O que é a hipocalcemia? Quais são suas causas e consequências? E como evitá-la?
1.Papel do cálcio e necessidades do gado leiteiro
1.1 Papel do cálcio em animais leiteiros
O Ca é o mineral mais presente no corpo animal, representando 1,9% do peso corporal. Além de ser um constituinte do leite (1,1-1,45 g de Ca necessário para produzir 1 kg de leite; Bodin, 2020), o Ca é crítico para vários processos fisiológicos, como formação óssea, contração muscular ou ativação do metabolismo enzimático e celular.1.2 Necessidades de cálcio de bovinos leiteiros
As necessidades de Ca do gado leiteiro são expressas em termos de Ca absorvível (Caabs). Caabs representa a parte do Ca que é finalmente absorvida pelo animal e utilizável para suas necessidades. Então, os requerimentos de Ca para uma vaca leiteira correspondem às suas necessidades de manutenção, gestação e lactação. As exigências de Ca de vacas leiteiras em lactação e vacas secas são mostradas na tabela 1. Vinculado ao início da produção de leite, há um aumento repentino na necessidade de Ca logo após o parto. Em situação normal, mecanismos homeostáticos podem adaptar-se a esta nova demanda de Ca e manter boas funções corporais.

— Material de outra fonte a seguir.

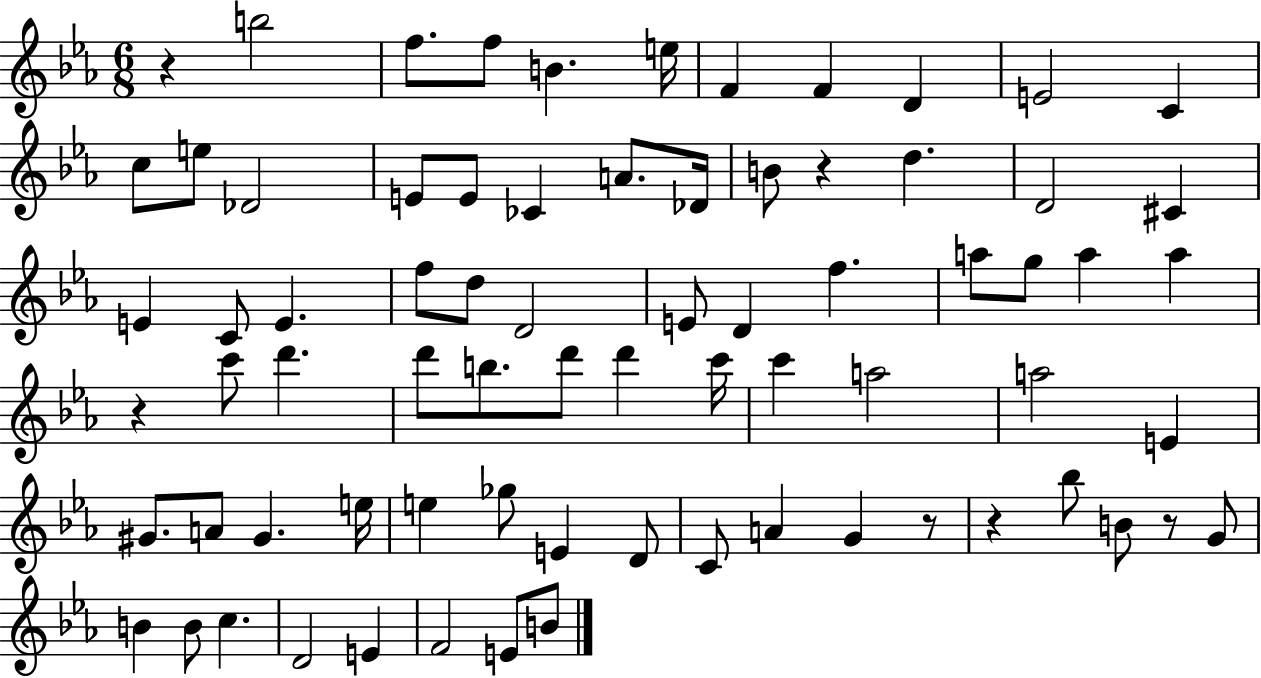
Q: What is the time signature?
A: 6/8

Tabela 1:Requerimentos de cálcio para vacas em lactação e secas (adaptado de Bodin, 2020).
*As necessidades de Ca para vaca em lactação são para uma vaca holandesa com peso de 700 kg e produção de 25 kg de leite/dia. As necessidades de Ca para vacas secas são para uma vaca seca de 700 kg aos 278 dias de gestação.

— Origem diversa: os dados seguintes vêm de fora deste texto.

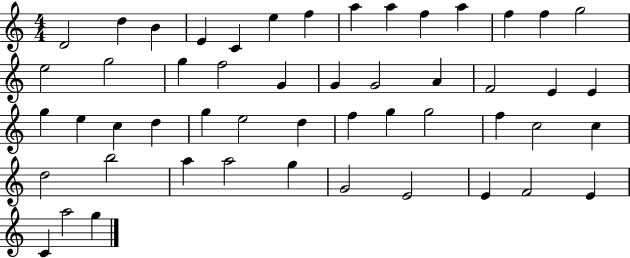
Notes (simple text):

D4/h D5/q B4/q E4/q C4/q E5/q F5/q A5/q A5/q F5/q A5/q F5/q F5/q G5/h E5/h G5/h G5/q F5/h G4/q G4/q G4/h A4/q F4/h E4/q E4/q G5/q E5/q C5/q D5/q G5/q E5/h D5/q F5/q G5/q G5/h F5/q C5/h C5/q D5/h B5/h A5/q A5/h G5/q G4/h E4/h E4/q F4/h E4/q C4/q A5/h G5/q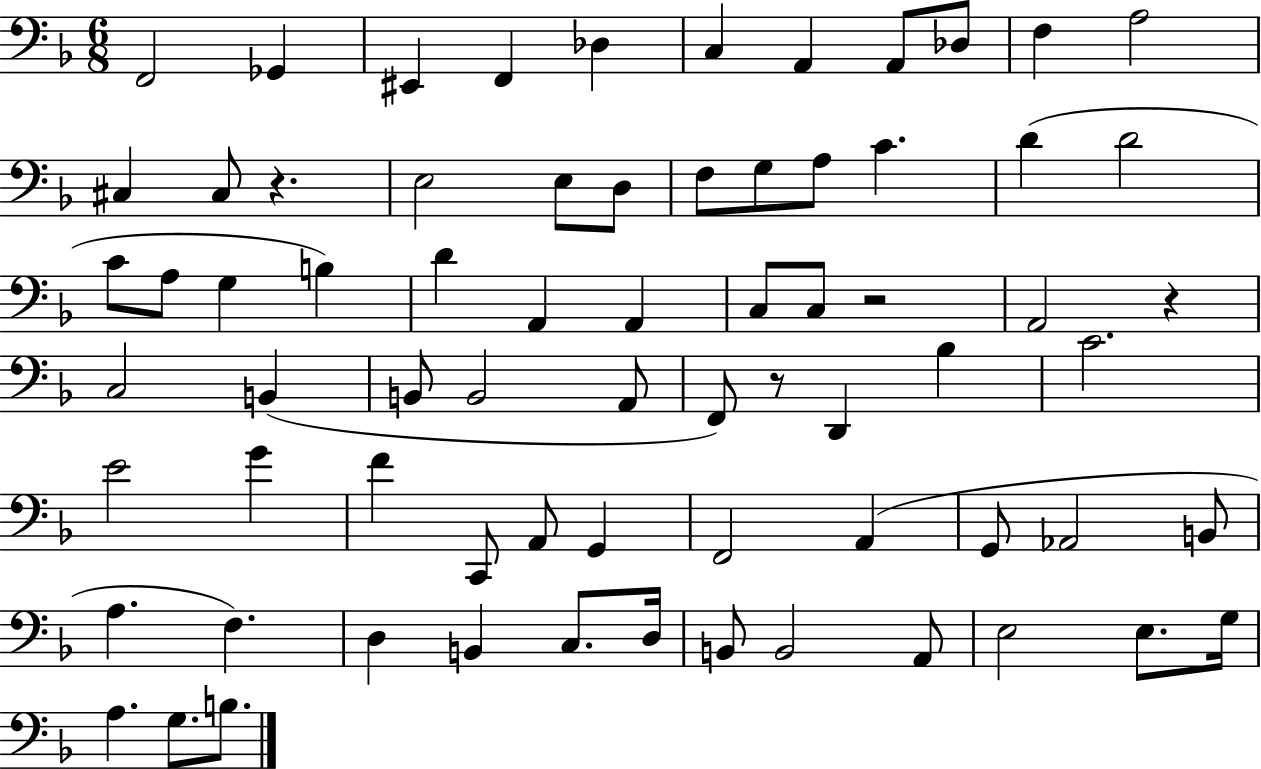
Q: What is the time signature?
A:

1.3 Mecanismos de mobilização de cálcio
Para atender ao pico de demanda de Ca, a vaca pode mobilizar Ca de seus ossos, aumentar a absorção intestinal e diminuir a excreção pelos rins. Todos esses mecanismos são determinados pela atividade hormonal do paratormônio (PTH), calcitriol (ou 1,25-(OH)2-vD, a forma ativa da vitamina D) e, em menor grau, calcitonina. De fato, uma baixa concentração de Ca no sangue estimulará a produção de PTH pela glândula paratireoide que é responsável por uma maior reabsorção de Ca dos ossos, uma menor excreção de Ca pelos rins e estimulação da síntese de calcitriol. Então o calcitriol estimula a absorção de Ca no intestino (Figura 1).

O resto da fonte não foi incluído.